Conference Keynotes

Simon King: What is AI speech generation currently capable of?

There are a bewildering number of papers being published about synthetic speech generation. Every new paper claims a major advance using yet another new model architecture. I will try to make sense of the landscape, concentrating on what the latest models are capable of. These models are large, computationally expensive, and are trained on tens of thousands of hours of speech. Fortunately, many are also getting more capable: a single pre-trained model can do several tasks, such as text-to-speech and voice conversion. This might liberate us. Instead of tedious searches for the perfect model, we can instead concentrate on properly defining the problems we want to solve - What exactly is "conversational speech"? What would good cross-lingual prosody transfer sound like? Why do listeners sometimes prefer synthetic speech over natural speech? Does that mean we could generate synthetic speech that users trust more than natural speech?

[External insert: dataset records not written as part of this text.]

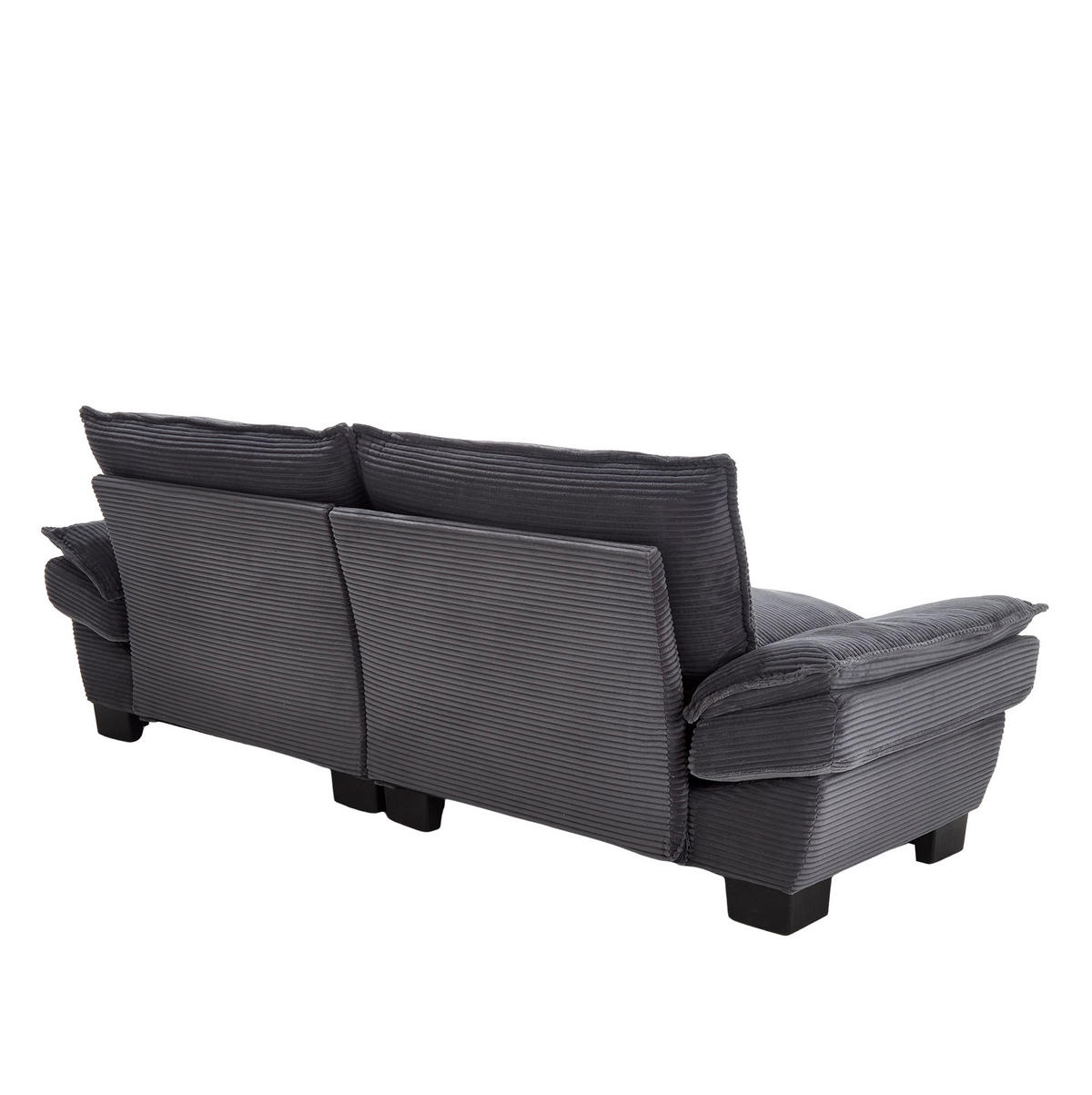 SOFA 2-Sitzer Velours Dunkelgrau mit Kissen und robustem Holzrahmen 224/81/81 cm - Dunkelgrau, Textil (224/81/81cm) - OKWISH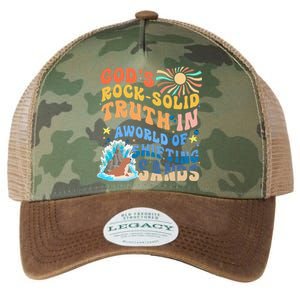 GodS Rock Solid Breaker Rock Beach Vbs 2024 Christian Legacy Tie Dye Trucker Hat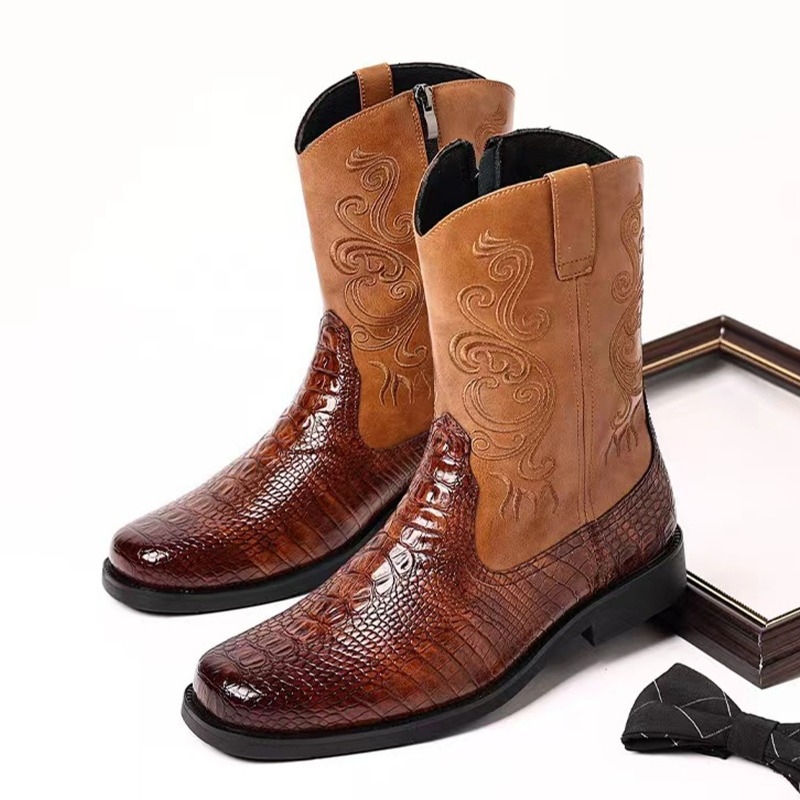 Embroidery Men's Boots Retro C - Leather Work Western incelemesi ve fiyatı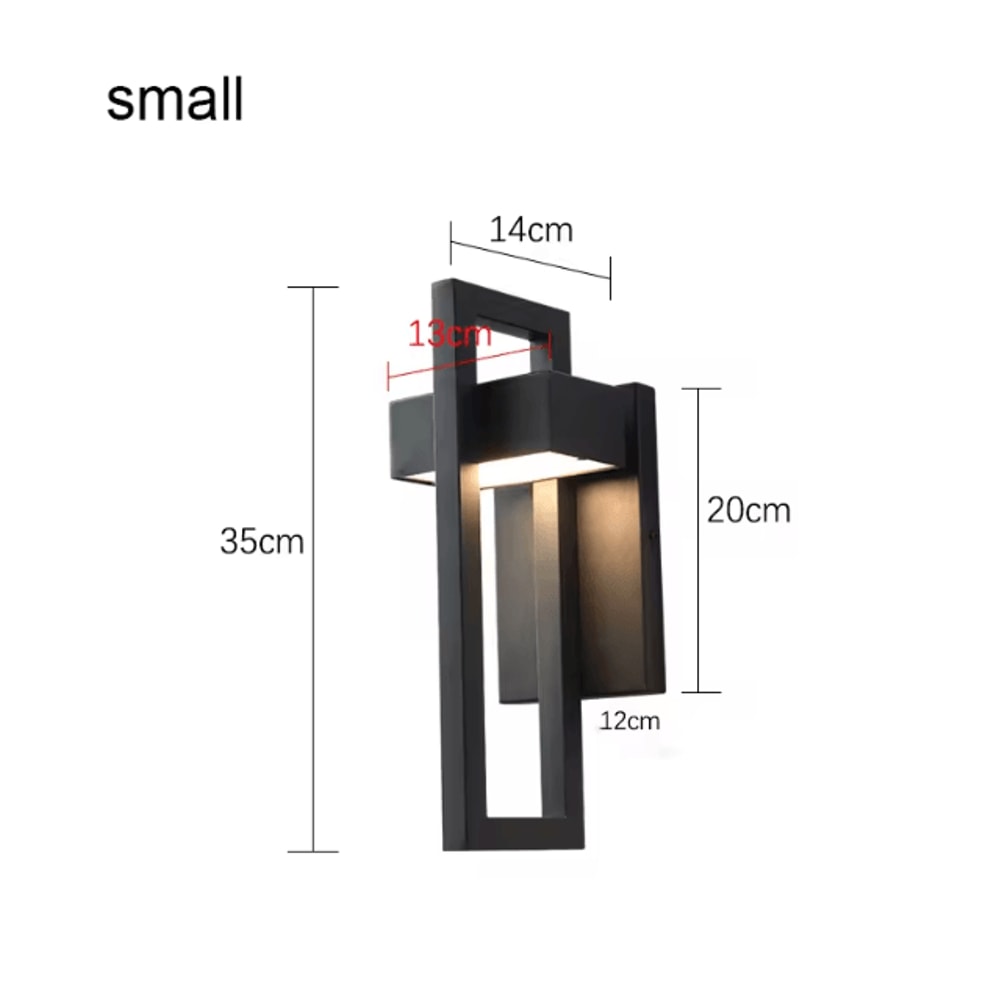 Retro Waterproof Outdoor LED Wall Sconce 10W Vintage Black Garden Porch Lamp 3
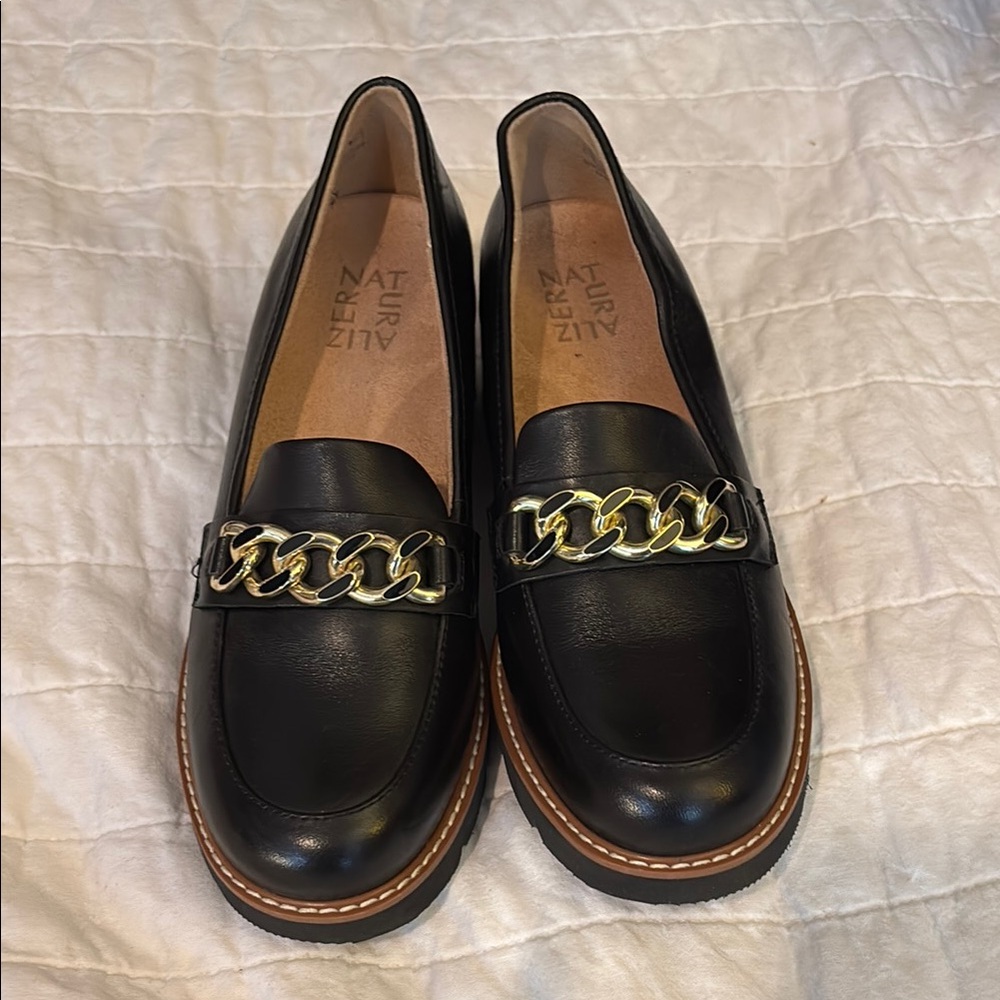 Naturalizer Black Loafers with Gold Chain Accent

Prof. Simon King is Professor of Speech Processing at the University of Edinburgh, where he is director of the Centre for Speech Technology Research and of a long-running Masters programme in Speech and Language Processing. He also works for Papercup, an AI dubbing company that uses synthetic speech to make the world's videos watchable in any language. Simon has research interests in speech synthesis, speaker verification spoofing, and signal processing, with over 250 publications. He is a Fellow of IEEE and of ISCA, has led the annual Blizzard Challenge speech synthesis evaluations since 2007, and was Technical Chair of Interspeech 2023.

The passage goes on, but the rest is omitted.